[Text-to-region grounding data]
########

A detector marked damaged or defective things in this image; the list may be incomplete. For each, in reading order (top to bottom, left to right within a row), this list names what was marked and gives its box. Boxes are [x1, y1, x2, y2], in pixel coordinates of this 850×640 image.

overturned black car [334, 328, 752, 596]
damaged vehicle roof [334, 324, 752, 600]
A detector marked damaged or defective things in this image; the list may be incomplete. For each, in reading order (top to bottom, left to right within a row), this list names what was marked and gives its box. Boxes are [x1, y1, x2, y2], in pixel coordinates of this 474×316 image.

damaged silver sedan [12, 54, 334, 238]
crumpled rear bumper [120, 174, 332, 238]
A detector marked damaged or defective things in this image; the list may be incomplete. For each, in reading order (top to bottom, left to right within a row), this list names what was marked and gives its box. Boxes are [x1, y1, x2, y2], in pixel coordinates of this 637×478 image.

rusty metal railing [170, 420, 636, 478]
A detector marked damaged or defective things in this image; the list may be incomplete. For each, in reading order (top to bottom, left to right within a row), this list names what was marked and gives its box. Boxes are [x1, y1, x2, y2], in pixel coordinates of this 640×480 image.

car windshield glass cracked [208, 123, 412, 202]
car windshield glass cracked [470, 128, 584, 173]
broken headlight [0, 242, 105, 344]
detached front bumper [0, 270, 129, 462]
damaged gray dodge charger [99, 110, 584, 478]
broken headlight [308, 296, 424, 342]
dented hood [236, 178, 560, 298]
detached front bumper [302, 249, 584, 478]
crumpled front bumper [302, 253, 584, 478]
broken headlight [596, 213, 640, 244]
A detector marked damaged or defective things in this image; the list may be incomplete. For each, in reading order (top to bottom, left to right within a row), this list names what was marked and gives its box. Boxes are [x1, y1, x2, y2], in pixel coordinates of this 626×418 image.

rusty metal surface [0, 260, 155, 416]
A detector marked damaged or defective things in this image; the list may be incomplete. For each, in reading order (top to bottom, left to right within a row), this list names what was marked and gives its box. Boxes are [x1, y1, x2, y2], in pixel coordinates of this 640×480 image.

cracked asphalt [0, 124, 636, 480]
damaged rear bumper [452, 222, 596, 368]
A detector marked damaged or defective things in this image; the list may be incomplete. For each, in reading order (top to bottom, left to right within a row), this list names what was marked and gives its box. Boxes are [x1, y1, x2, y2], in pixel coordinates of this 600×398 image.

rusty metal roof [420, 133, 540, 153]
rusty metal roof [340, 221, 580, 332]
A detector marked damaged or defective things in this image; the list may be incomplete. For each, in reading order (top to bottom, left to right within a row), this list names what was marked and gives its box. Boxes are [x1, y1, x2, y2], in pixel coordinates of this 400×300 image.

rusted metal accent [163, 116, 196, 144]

########

Problem description: Your task is to copy every entry above, exactly as written.

Output below:
A detector marked damaged or defective things in this image; the list may be incomplete. For each, in reading order (top to bottom, left to right within a row), this list names what was marked and gives its box. Boxes are [x1, y1, x2, y2], in pixel coordinates of this 850×640 image.

overturned black car [334, 328, 752, 596]
damaged vehicle roof [334, 324, 752, 600]
A detector marked damaged or defective things in this image; the list may be incomplete. For each, in reading order (top to bottom, left to right within a row), this list names what was marked and gives its box. Boxes are [x1, y1, x2, y2], in pixel coordinates of this 474×316 image.

damaged silver sedan [12, 54, 334, 238]
crumpled rear bumper [120, 174, 332, 238]
A detector marked damaged or defective things in this image; the list may be incomplete. For each, in reading order (top to bottom, left to right within a row), this list names what was marked and gives its box. Boxes are [x1, y1, x2, y2], in pixel coordinates of this 637×478 image.

rusty metal railing [170, 420, 636, 478]
A detector marked damaged or defective things in this image; the list may be incomplete. For each, in reading order (top to bottom, left to right within a row), this list names what was marked and gives its box. Boxes are [x1, y1, x2, y2], in pixel coordinates of this 640×480 image.

car windshield glass cracked [208, 123, 412, 202]
car windshield glass cracked [470, 128, 584, 173]
broken headlight [0, 242, 105, 344]
detached front bumper [0, 270, 129, 462]
damaged gray dodge charger [99, 110, 584, 478]
broken headlight [308, 296, 424, 342]
dented hood [236, 178, 560, 298]
detached front bumper [302, 249, 584, 478]
crumpled front bumper [302, 253, 584, 478]
broken headlight [596, 213, 640, 244]
A detector marked damaged or defective things in this image; the list may be incomplete. For each, in reading order (top to bottom, left to right within a row), this list names what was marked and gives its box. Boxes are [x1, y1, x2, y2], in pixel coordinates of this 626×418 image.

rusty metal surface [0, 260, 155, 416]
A detector marked damaged or defective things in this image; the list may be incomplete. For each, in reading order (top to bottom, left to right within a row), this list names what was marked and gives its box. Boxes are [x1, y1, x2, y2], in pixel coordinates of this 640×480 image.

cracked asphalt [0, 124, 636, 480]
damaged rear bumper [452, 222, 596, 368]
A detector marked damaged or defective things in this image; the list may be incomplete. For each, in reading order (top to bottom, left to right within a row), this list names what was marked and gives its box. Boxes are [x1, y1, x2, y2], in pixel coordinates of this 600×398 image.

rusty metal roof [420, 133, 540, 153]
rusty metal roof [340, 221, 580, 332]
A detector marked damaged or defective things in this image; the list may be incomplete. For each, in reading order (top to bottom, left to right within a row), this list names what was marked and gives its box. Boxes are [x1, y1, x2, y2], in pixel coordinates of this 400×300 image.

rusted metal accent [163, 116, 196, 144]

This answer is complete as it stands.